AIM OF THE EXERCISE » Please give every line below again exactly, but not its pictures.

DATA EXTRACT »
____________
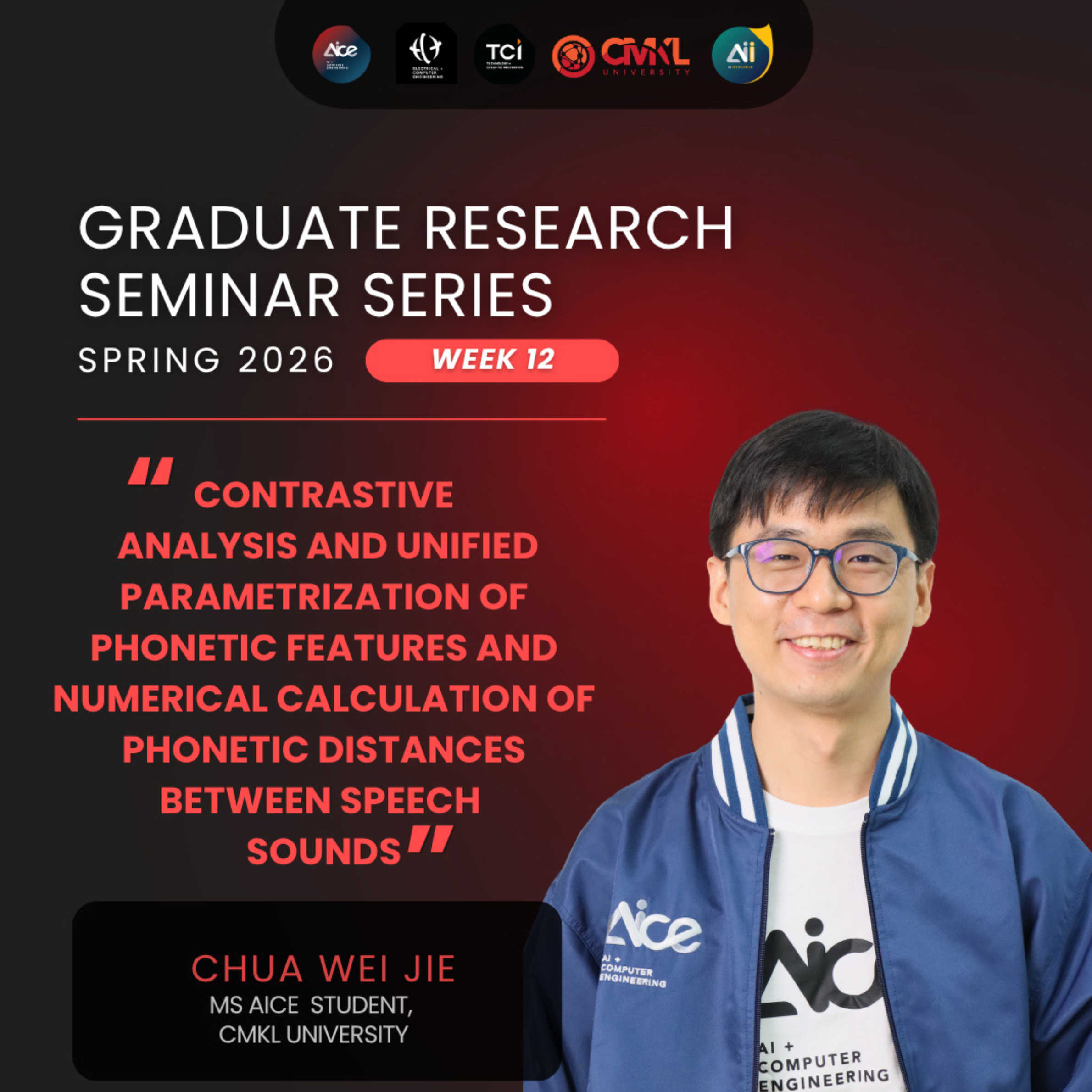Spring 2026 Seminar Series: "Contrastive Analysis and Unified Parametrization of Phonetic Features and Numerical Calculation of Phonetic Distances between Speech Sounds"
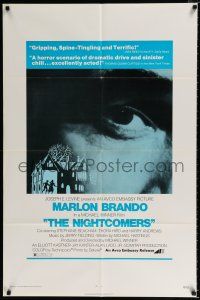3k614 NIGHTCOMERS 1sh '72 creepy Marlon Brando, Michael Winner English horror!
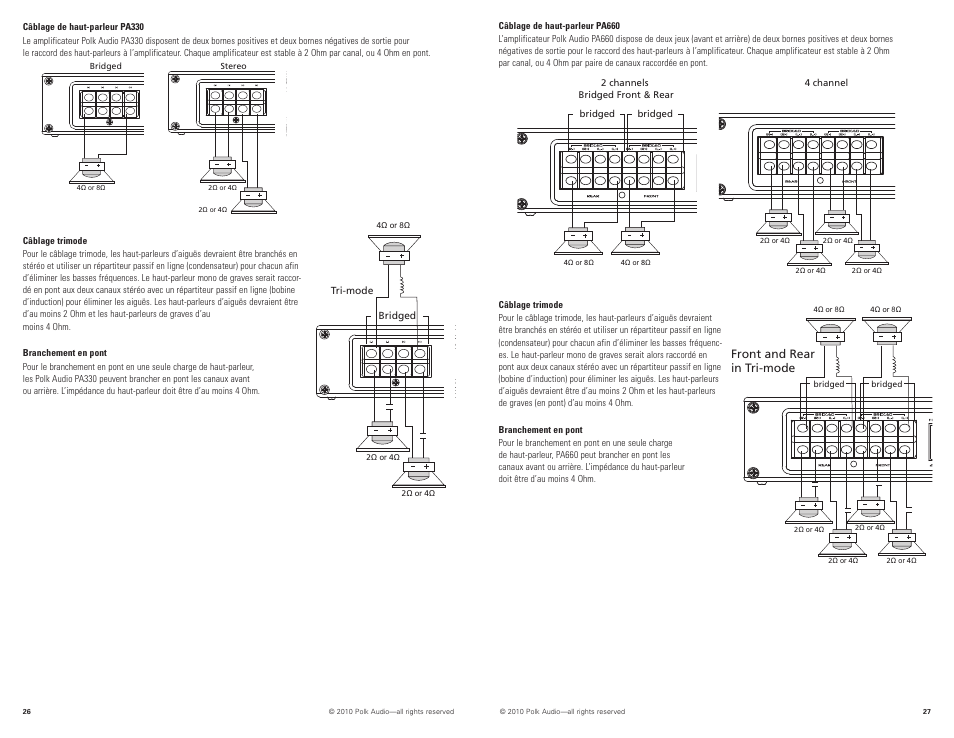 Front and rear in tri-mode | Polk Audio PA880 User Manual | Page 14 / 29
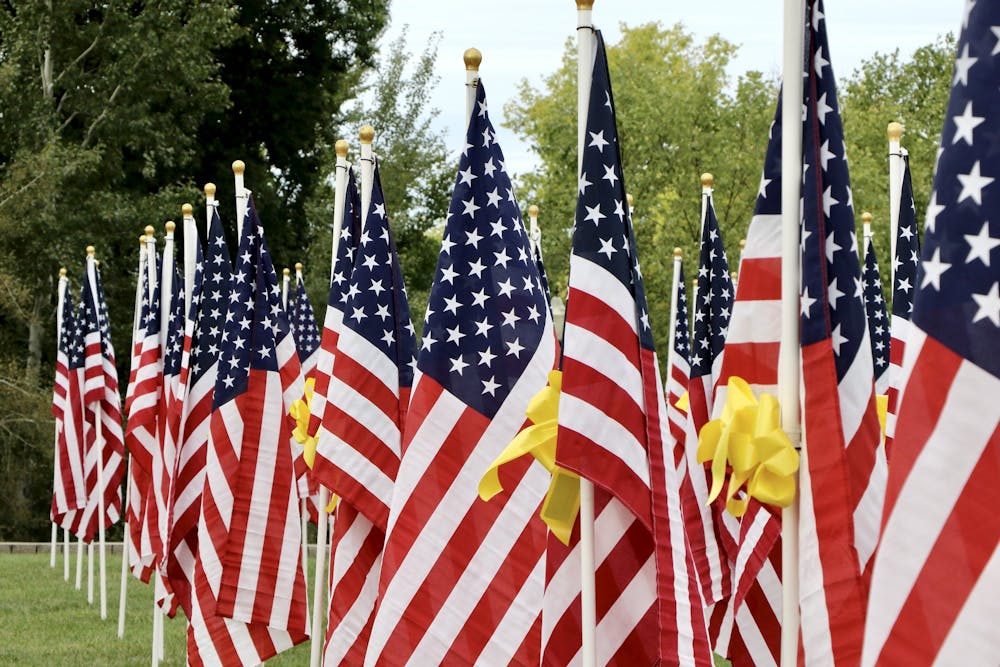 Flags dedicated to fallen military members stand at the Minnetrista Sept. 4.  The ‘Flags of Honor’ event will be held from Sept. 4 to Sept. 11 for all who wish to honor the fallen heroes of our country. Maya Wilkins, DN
____________
ANSWER SPACE »
Spring 2026 Seminar Series: "Contrastive Analysis and Unified Parametrization of Phonetic Features and Numerical Calculation of Phonetic Distances between Speech Sounds"
3k614 NIGHTCOMERS 1sh '72 creepy Marlon Brando, Michael Winner English horror!
 Front and rear in tri-mode | Polk Audio PA880 User Manual | Page 14 / 29
 Flags dedicated to fallen military members stand at the Minnetrista Sept. 4.  The ‘Flags of Honor’ event will be held from Sept. 4 to Sept. 11 for all who wish to honor the fallen heroes of our country. Maya Wilkins, DN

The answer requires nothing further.